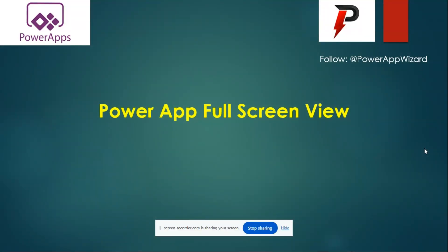Another interesting topic is Power App full screen view. As we all know, Power Apps, whenever we develop and publish it and open it into play mode, by default adds some space towards the sideways. So today we'll see how to make our application cover the full screen view.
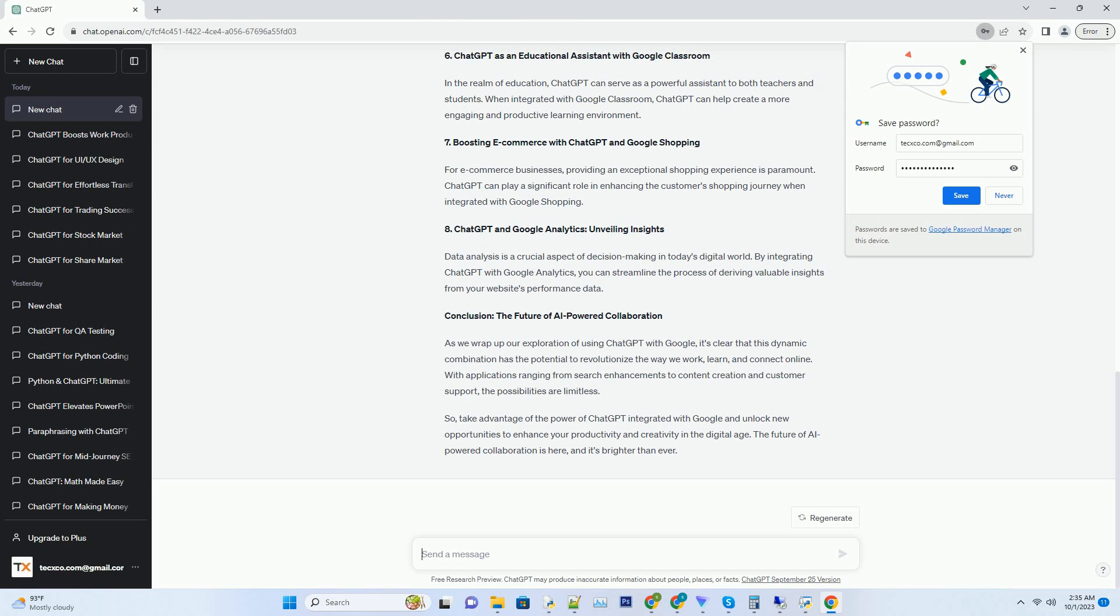ChatGPT is a state-of-the-art language model developed by OpenAI, designed to generate human-like text based on the input it receives. Powered by GPT-3 technology, ChatGPT has the ability to comprehend and respond to a wide range of prompts, making it incredibly versatile.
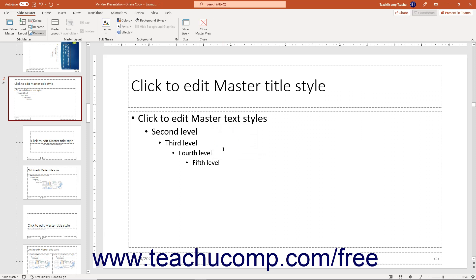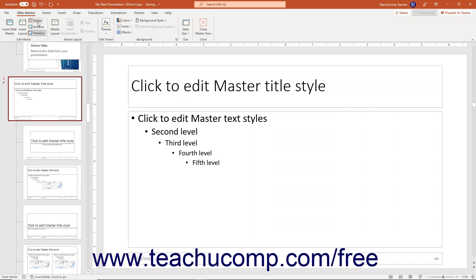To save a selected slide master in a presentation, even if it is not actively used by any presentation slides, click the Preserve button in the Edit Master button group on the Slide Master contextual tab of the ribbon. To delete a custom slide master you created, click the Delete button in the Edit Master button group.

> _ABOUT THIS TASK_
What is needed is a word-for-word copy of the lines from the start of the data to the line with "ChatGPT is a", inclusive, with no pictures in it.

> _WORKED SOLUTION_
Another interesting topic is Power App full screen view. As we all know, Power Apps, whenever we develop and publish it and open it into play mode, by default adds some space towards the sideways. So today we'll see how to make our application cover the full screen view.
ChatGPT is a state-of-the-art language model developed by OpenAI, designed to generate human-like text based on the input it receives. Powered by GPT-3 technology, ChatGPT has the ability to comprehend and respond to a wide range of prompts, making it incredibly versatile.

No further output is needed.